Hay que recuperar el significado profundo del rito que Jesús realiza. La sangre que se derrama por todos significa la muerte crucificada de Jesús, que padeció como evidencia de su amor a todos los seres humanos, beber de esta copa lleva consigo aceptar la muerte de Jesús y comprometerse con él y como él a dar la vida por todos, de manera cruenta e incruenta, como se nos vayan presentando las circunstancias existenciales. Nuestro entrañable Monseñor Romero – que será canonizado el próximo 14 de octubre – muere asesinado mientras celebra la eucaristía, aquel 24 de marzo de 1980, y cae con el vino del cáliz mezclado con su propia sangre de pastor y mártir. Dramática y hermosa combinación de una vida que, como la de Jesús, se dio plenamente para afirmar la dignidad de sus hermanos más pobres y vilipendiados por la brutalidad del  régimen de aquellos años en El Salvador!
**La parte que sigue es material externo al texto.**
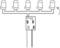 Circuit diagram with five LEDs at the top, connected to a central control chip. Two wires at the bottom lead to the power circuit.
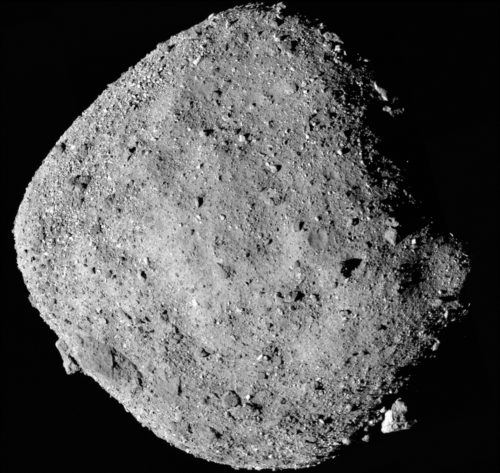 This mosaic image of asteroid Bennu is composed of 12 PolyCam images collected on Dec. 2 by the OSIRIS-REx spacecraft from a range of 15 miles (24 km).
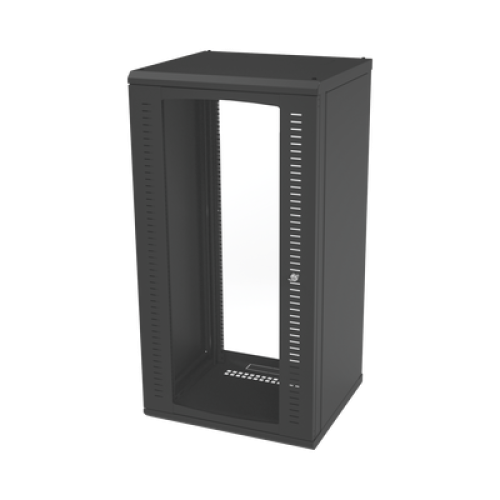 Gabinete para Montaje en Pared, Puerta de Cristal Templado, Cuerpo Fijo con Rack 19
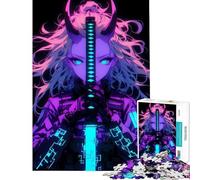 Puzzle pour Adultes 1000 pièces Guerrier Cyber Oni Néon Difficile et Défi Décoration Murale Jouet pour 14 Ans et Plus (50x75cm)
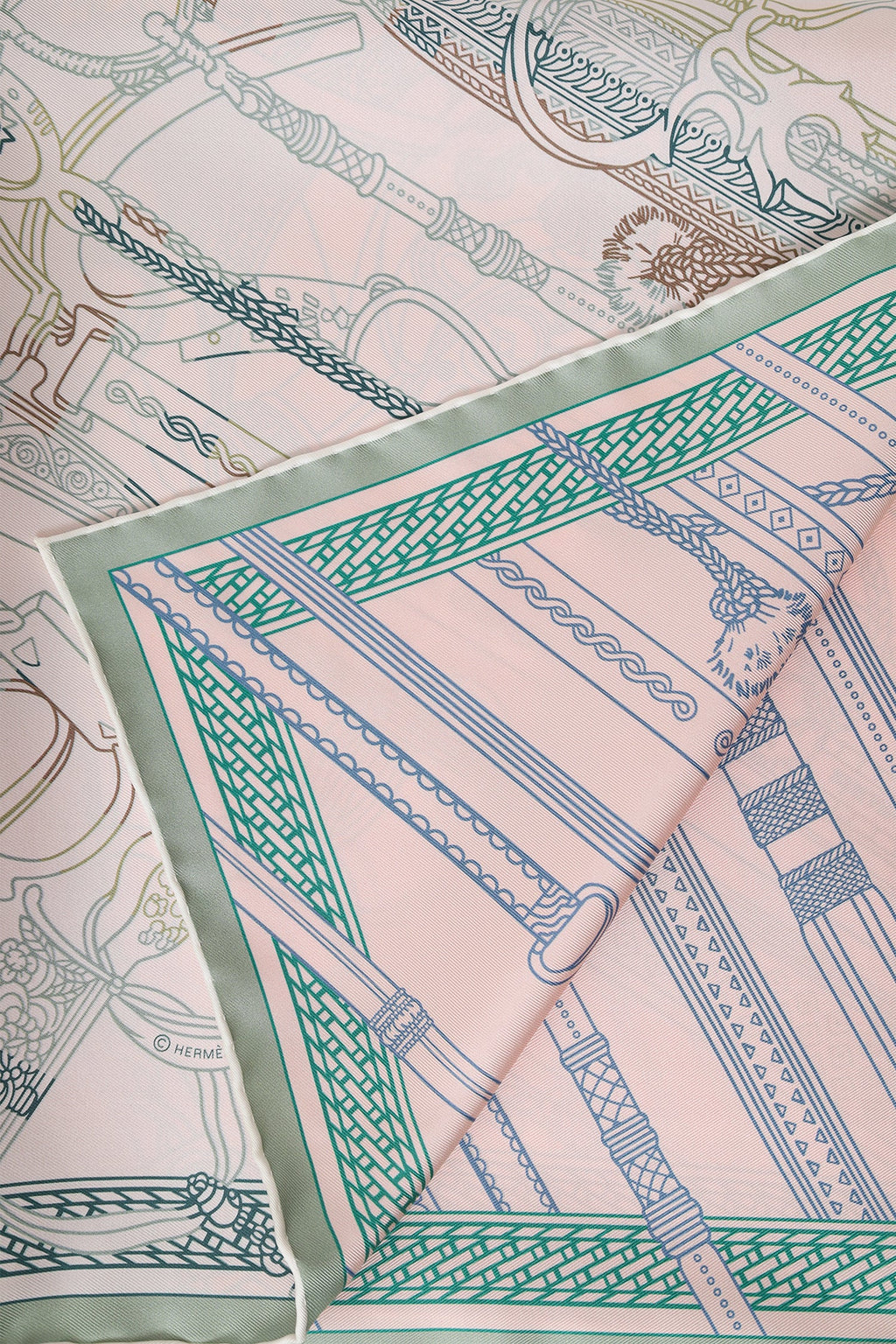 Hermes Pink/Green Silk Pattern Scarf 70
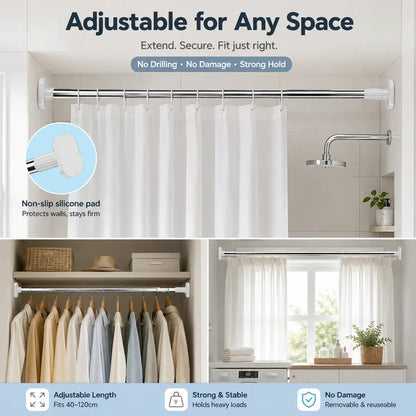 ✨Drill-Free Adjustable Tension Rod – No Drilling, No Damage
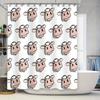 Adorable Animal Print Shower Curtain White Cow Pattern For Bathroom Decor Polyester Fabric Waterproof Bath Tassel Set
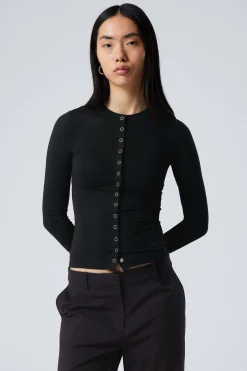 Weekday SLIM LONG-SLEEVED BUTTONED CARDIGAN black Cheap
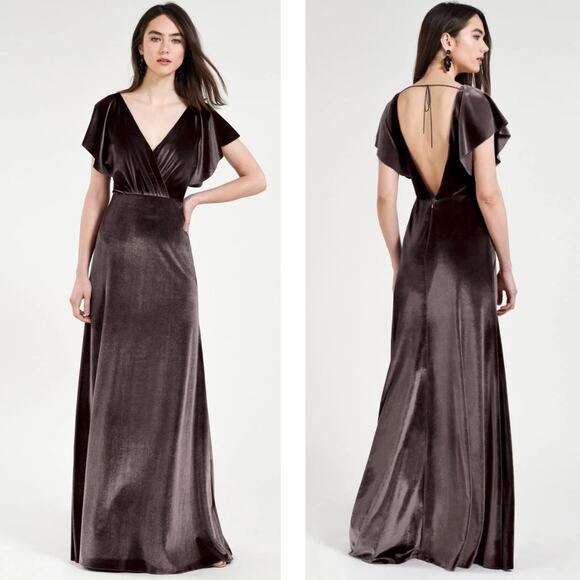 Jenny Yoo Ellis Velvet Maxi Dress Gown 10 Vintage Plum NWT - Picture 1 of 5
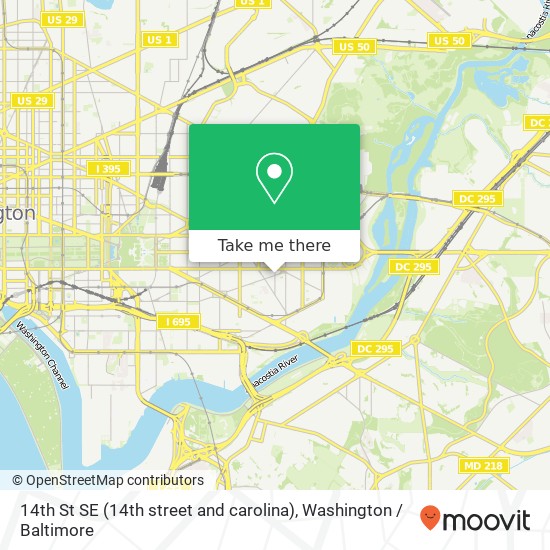 Mapa de 14th St SE (14th street and carolina), Washington, DC 20003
Comer el pan y beber la copa son actos inseparables; quiere decir que no se puede aceptar la muerte de Jesús sin aceptar su entrega hasta el fin, y que el compromiso de quien sigue a Jesús incluye una entrega como la suya. Este es el verdadero significado de la eucaristía. No podemos seguir reduciendo al misterio adorable de este sacramento a una presencia en sí, encerrada en ella, como una majestad lejana, sino como el mismísimo Dios encarnado, implicado totalmente en el ser humano, involucrado en nuestra historia, para donarnos la vitalidad suya que nos humaniza y nos libera del egoísmo y de la injusticia. Así, la mesa eucarística es pan compartido, sangre derramada, signo de la nueva humanidad de la que él es portador.